25 de novembro de 1967: depressão fria traz chuva intensa: cheias em Lisboa terão causado 700 mortos

De todos os desastres naturais, as cheias representam os de maior impacto social, não só pela perda de vidas humanas como pelos danos materiais que provocam. Em Portugal, as inundações e cheias constituem o risco natural de maior frequência e correspondem a cerca de 80% das indemnizações por catástrofes naturais.

Em 1967, nos dias 25 e 26 de novembro, uma depressão fria com características subtropicais provocou consequências devastadoras na região metropolitana de Lisboa – especialmente nos municípios de Lisboa, Loures, Odivelas, Vila Franca de Xira e Alenquer.

Tudo começou na Madeira, onde uma depressão fria – que permaneceu durante vários dias – adquiriu características subtropicais, aumentando a temperatura do ar e o conteúdo em vapor de água e deslocando-se em seguida para Nordeste em direção ao continente. Às 12 horas do dia 25, encontrava-se já muito próxima da costa alentejana, deslocando-se posteriormente para a região de Lisboa onde provocou precipitação intensa no final do dia 25 e início do dia 26.

Com cerca de 1.008 hPa no centro, de acordo com o IPMA, esta depressão exerceu a sua ação durante 20 horas na região da Estremadura e parte do Ribatejo, dando origem a grandes quantidades de precipitação. Assim, na noite de 25 e madrugada de 26 de novembro desse ano, a passagem deste sistema de baixa pressão, caracterizado por uma forte convecção e forte instabilidade, associada a uma atmosfera rica em vapor de água, traduziu-se num evento extremo cuja quantidade de precipitação registada num período de 4 a 9 horas foi compatível com um período de retorno superior a 100 anos.

A região da Grande Lisboa foi a mais afetada: os maiores valores de precipitação registados em 24 horas, entre as 9h do dia 25 e as 9h do dia 26, ocorreram nas estações de Oeiras / Sassoeiros, Monte do Estoril e Paiã, com valores superiores a 150 mm (170 mm, 158.3 mm e 150.8 mm, respectivamente). Em cinco horas, a estação de São Julião do Tojal registou 110.6 mm (entre as 19 e as 24h), tendo tido um pico de 30 mm entre as 22 e as 23h na noite de 25 de novembro. Nessa noite, destaca-se os 60 mm no Monte Estoril, entre as 21 e as 22h, e os 135.1 mm em cinco horas (entre as 18 e as 23h). Foram também registados em uma hora 42 mm em Sassoeiros e 33 mm em Sintra / Pena.

A elevada quantidade de precipitação originou neste evento cheias rápidas.
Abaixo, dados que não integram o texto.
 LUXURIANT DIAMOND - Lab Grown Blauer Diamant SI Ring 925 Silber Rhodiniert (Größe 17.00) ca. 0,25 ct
No entanto, o que o tornou num dos mais mortíferos em Portugal, foi a construção inadequada em leitos de cheia, a coincidência com a hora de pico da maré alta e ter-se registado durante a noite, quando a população se encontrava a dormir.
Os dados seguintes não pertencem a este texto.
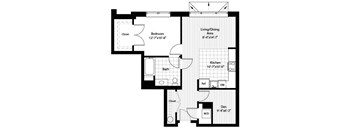 A black and white image of a floor plan for a home with a bedroom, living/dining area, kitchen, bath, and closet.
A maior parte das vítimas – residente ao longo de bacias de pequenos rios e ribeiras da região, muitas em habitações precárias e clandestinas – foi apanhada durante o sono, o que se traduziu num aumento substancial de mortos e desalojados. De acordo com as notícias da época, havia prédios em ruínas, carros arrastados, barracas desfeitas, animais afogados, milhares de desalojados e centenas de mortos.

Devido à censura do Governo salazarista, fora da área de Lisboa, poucos portugueses se aperceberam da dimensão das cheias. Os dados oficiais apontavam para 250 vítimas mortais. No entanto, estes números apresentados pecam por defeito e após a revolução de Abril muitos especialistas tentaram perceber o verdadeiro impacto desta cheia e saber o número de fatalidades.
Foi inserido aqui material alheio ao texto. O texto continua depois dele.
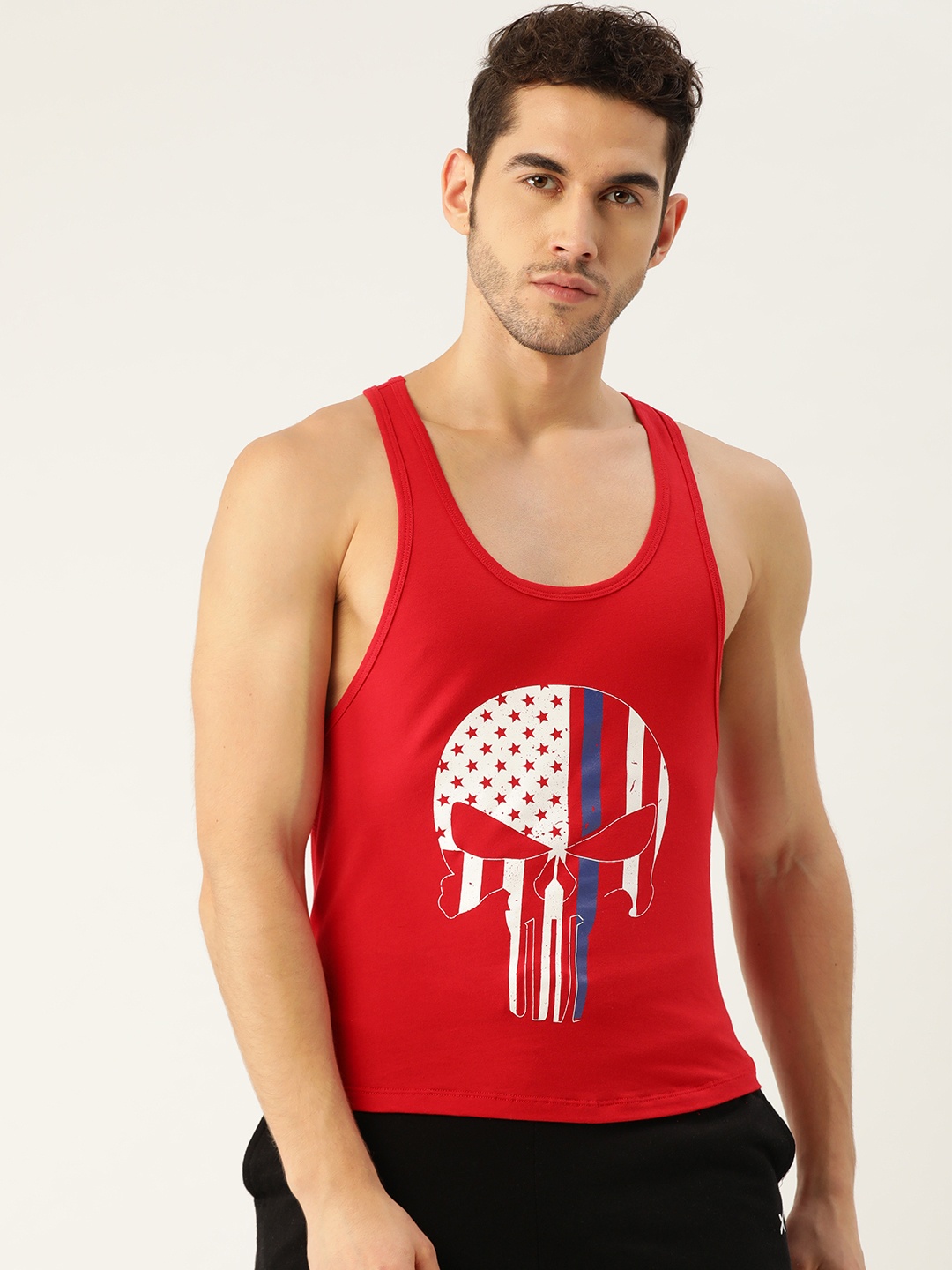 

ROMEO ROSSI Men Red & White Printed Round Neck T-shirt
Segundo Catarina Ramos e Eusébio Reis, estima-se que mais de 700 pessoas tenham morrido durante este evento. No entanto, dois aspetos chamaram à atenção após estas cheias: a grande pobreza em que as populações da região de Lisboa viviam e a quase ausência de meios de socorro.

O regime salazarista tentou minimizar os impactos das chuvas, mas as suas repercussões atravessaram fronteiras e desencadearam um movimento de solidariedade internacional. Chegaram a Portugal donativos dos Governos britânico e italiano, do Principado do Mónaco e até o chefe do Estado francês, o general De Gaulle, contribuiu com uma “dádiva pessoal” de 30 mil francos (900 euros, no câmbio da época). O apoio em meios sanitários veio de França, Suíça e sobretudo de Espanha, que ofereceu mil doses de vacina contra a febre tifoide.